This question is a follow-up to this post, but hopefully it's a better attempt at formulating the same idea. Roughly speaking, I would like to obtain a uniform estimate on the size of a certain class of Schwartz function "away" from the support of its Fourier transform.

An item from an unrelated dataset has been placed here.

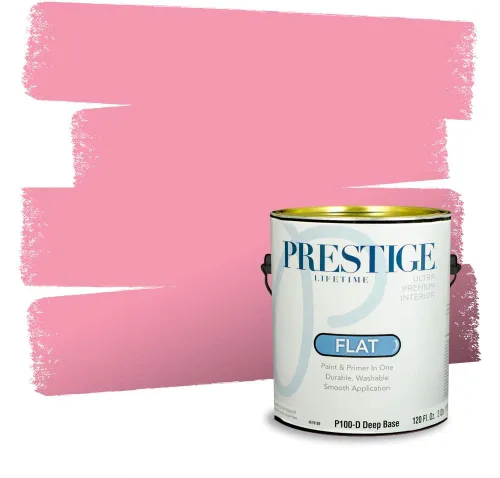 Miniatura 69 de Prestige Paints Pintura exterior e imprimación en uno, 1 galón, plano, coincidencia comparable de Valspar* Amber Rose*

More precisely, let $\mathcal{C}$ be the class of all even, non-negative Schwartz functions on $\mathbb{R}$ satisfying the following conditions:
- The Fourier transform $\hat{f}$ is compactly supported;
- $f$ is non-increasing on $[0,\infty)$;
- $\|f\|_\infty\leq 1$.
Question: For any $\epsilon>0$, does there exist a continuous function $F_\epsilon:[0,\infty)\to[0,\infty)$ such that:
- $F$ is non-decreasing with $\displaystyle\lim_{x\to\infty}F_\epsilon(x)=\infty$;
- $f(F_\epsilon(r_f))\leq\epsilon$ for every $f$ in $\mathcal{C}$,
where $r_f$ is any positive number such that $\text{supp}(\hat{f})\subseteq[-r_f,r_f]$?
Remark: Clearly when $\epsilon\geq 1$, there is no obstruction to the existence of $F_\epsilon$, so the question is really about $0<\epsilon\leq 1$.
The question is a generalization to the family $\mathcal{C}$ of the following example:
Example: Fix some $f$ in $\mathcal{C}$. Then the family of rescaled functions $\mathcal{C}^f:=\{f_t=f(t\cdot)\}_{t>0}$ is a subclass of $\mathcal{C}$. We know there exists some $C_f>0$ such that $f(C_f)\leq\epsilon$, hence $f_t(\frac{C_f}{t})\leq\epsilon$. Since $\hat{f}_t(\cdot) = \frac{1}{t}\hat{f}(\frac{1}{t}\cdot)$, the function $F_\epsilon(x)=\frac{C_f x}{r_f}$ works for the family $\mathcal{C}^f$.